Jak to możliwe, że Skynet wysyła T800 w przeszłość, a następnie Ruch Oporu Kyla. To znaczy, że
jednak są różne ramy czasowe w tym uniwersum. Bo gdyby był tylko jeden czas to w momencie gdy
Terminator zostaje wysłany do roku 1984, ta przyszłość a dla nich teraźniejszość w tym momencie
przestałaby istnieć. To w takim razie z jakiego czasu Ruch Oporu wysyła Kyla? Nie mogę tego
ogarnąć. Jeżeliby wziąć pod uwagę fakt, że może występować jednocześnie przyszłość i przeszłość
to jaki sens byłoby wysłanie z misją cyborga, skoro to nie wpłynęłoby na ich teraźniejszość.

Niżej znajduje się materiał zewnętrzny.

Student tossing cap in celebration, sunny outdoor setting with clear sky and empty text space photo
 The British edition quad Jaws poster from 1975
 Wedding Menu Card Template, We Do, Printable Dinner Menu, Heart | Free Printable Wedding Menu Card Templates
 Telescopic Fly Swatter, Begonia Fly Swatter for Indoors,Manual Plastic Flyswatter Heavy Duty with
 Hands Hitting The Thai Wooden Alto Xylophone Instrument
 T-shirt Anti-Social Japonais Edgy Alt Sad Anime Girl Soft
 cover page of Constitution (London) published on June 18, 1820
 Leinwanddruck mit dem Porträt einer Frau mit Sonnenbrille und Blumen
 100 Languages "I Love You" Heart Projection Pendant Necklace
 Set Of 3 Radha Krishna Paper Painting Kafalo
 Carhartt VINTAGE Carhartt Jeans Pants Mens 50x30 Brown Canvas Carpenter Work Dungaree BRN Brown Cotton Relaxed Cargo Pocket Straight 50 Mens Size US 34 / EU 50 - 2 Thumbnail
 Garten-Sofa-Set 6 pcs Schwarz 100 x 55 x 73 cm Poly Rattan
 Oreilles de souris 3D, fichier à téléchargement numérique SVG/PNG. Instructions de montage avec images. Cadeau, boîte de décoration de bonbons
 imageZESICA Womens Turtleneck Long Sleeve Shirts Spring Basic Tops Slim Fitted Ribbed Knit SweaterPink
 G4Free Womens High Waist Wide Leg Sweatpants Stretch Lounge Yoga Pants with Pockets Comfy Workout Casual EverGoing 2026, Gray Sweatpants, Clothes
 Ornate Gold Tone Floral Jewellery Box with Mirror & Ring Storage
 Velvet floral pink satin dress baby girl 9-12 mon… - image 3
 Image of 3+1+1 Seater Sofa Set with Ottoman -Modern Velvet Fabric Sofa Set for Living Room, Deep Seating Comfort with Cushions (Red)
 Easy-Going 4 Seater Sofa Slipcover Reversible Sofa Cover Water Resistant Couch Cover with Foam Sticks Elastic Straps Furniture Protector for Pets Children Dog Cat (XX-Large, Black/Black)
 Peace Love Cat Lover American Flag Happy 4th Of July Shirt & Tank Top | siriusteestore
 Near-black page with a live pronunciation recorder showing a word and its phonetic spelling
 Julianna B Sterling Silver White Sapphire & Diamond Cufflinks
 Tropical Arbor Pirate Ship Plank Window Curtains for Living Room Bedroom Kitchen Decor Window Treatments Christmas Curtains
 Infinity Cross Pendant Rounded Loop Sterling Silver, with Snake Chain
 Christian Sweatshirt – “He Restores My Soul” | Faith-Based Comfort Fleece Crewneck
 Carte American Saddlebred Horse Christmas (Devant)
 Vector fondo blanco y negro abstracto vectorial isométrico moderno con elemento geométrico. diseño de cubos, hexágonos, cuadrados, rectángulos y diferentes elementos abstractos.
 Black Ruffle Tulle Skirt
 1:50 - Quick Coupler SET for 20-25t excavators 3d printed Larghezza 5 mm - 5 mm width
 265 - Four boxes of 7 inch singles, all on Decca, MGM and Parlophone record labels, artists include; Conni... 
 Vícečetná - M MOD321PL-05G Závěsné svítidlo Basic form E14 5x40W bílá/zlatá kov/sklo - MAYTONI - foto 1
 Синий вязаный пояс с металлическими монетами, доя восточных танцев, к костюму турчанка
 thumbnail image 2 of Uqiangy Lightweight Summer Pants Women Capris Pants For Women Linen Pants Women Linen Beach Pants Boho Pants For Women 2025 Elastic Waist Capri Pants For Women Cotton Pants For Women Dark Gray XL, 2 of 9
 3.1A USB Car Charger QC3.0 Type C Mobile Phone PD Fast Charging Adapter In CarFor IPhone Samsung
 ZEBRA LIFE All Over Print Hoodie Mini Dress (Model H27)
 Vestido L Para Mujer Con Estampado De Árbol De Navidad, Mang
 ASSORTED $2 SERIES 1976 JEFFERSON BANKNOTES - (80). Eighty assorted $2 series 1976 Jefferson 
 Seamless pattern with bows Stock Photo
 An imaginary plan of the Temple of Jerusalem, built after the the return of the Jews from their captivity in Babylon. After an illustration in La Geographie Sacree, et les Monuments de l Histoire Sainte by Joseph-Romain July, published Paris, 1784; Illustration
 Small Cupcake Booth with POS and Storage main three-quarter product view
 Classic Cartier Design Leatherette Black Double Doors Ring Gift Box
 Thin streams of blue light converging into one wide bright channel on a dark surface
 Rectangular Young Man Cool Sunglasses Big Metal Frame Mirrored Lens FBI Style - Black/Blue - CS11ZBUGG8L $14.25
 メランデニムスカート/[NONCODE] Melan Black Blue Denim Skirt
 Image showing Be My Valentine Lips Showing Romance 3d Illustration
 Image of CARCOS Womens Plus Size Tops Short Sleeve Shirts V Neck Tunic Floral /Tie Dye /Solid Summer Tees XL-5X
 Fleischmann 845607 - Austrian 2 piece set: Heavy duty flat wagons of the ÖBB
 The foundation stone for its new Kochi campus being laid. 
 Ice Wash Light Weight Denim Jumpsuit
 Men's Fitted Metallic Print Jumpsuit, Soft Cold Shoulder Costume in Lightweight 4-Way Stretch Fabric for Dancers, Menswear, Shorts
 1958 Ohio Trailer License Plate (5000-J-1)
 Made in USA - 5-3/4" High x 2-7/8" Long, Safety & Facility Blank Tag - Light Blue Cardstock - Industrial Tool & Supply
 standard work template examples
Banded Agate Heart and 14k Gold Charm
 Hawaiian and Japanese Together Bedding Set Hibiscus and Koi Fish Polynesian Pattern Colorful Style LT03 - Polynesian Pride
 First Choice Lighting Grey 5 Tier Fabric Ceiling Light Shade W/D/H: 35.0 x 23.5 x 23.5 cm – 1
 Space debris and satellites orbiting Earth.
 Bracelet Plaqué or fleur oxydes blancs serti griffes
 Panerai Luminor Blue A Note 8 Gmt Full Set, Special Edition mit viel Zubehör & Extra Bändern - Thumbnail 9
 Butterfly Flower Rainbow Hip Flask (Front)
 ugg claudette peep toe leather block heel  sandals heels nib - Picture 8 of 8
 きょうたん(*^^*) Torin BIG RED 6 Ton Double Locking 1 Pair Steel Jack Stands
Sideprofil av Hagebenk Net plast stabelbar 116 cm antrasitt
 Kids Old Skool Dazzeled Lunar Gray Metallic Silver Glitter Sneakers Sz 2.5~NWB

Temat wałkowany 700 tysięcy razy..
Ludzie, tego nie nakręcił David Lynch, nie ma co szukać drugiego ani trzeciego dna
To się nazywa: "PARADOKS DZIADKA"
http://pl.wikipedia.org/wiki/Paradoks_dziadka
I polecam ten artykuł
http://technologie.gazeta.pl/internet/1,104530,8167216,Koniec_z_paradoksem_dziad ka___podroze_w_czasie_jednak.html
Słyszałeś o zawieszeniu niewiary? O realizmie w ramach przyjętej konwencji? Jakbyśmy się mieli czepiać detali to w ogóle sam pomysł podróży w czasie jest kretyński i nie byłoby filmu. Umawiamy się z reżyserem, że przymkniemy oko na te czy inne bzdury pod warunkiem, że zapewni nam godziwą rozrywkę.
Logiczniej czyli jak ???
Gdyby kazdy film rozkladac na czynniki pierwsze to zapewne nie doszloby do realizacji zadnego bo pewne fakty sie wykluczaja a czasem scenariusz jest nielogiczny. Ale kino to forma umownej rzeczywistosci i zwlaszcza w kinie sci fi chyba nikt nie szuka realizmu tylko raczej przygody, mieszanki akcji z thrillerem i godnego opakowania w efekty.
A poza tym rozkladanie kazdego filmu na czynniki pierwsze swiadczy o calkowitym braku wyobrazni i podchodzeniu do kazdej dziedziny w zyciu jak do matematycznego rownania. Do wyrzygania nudne to.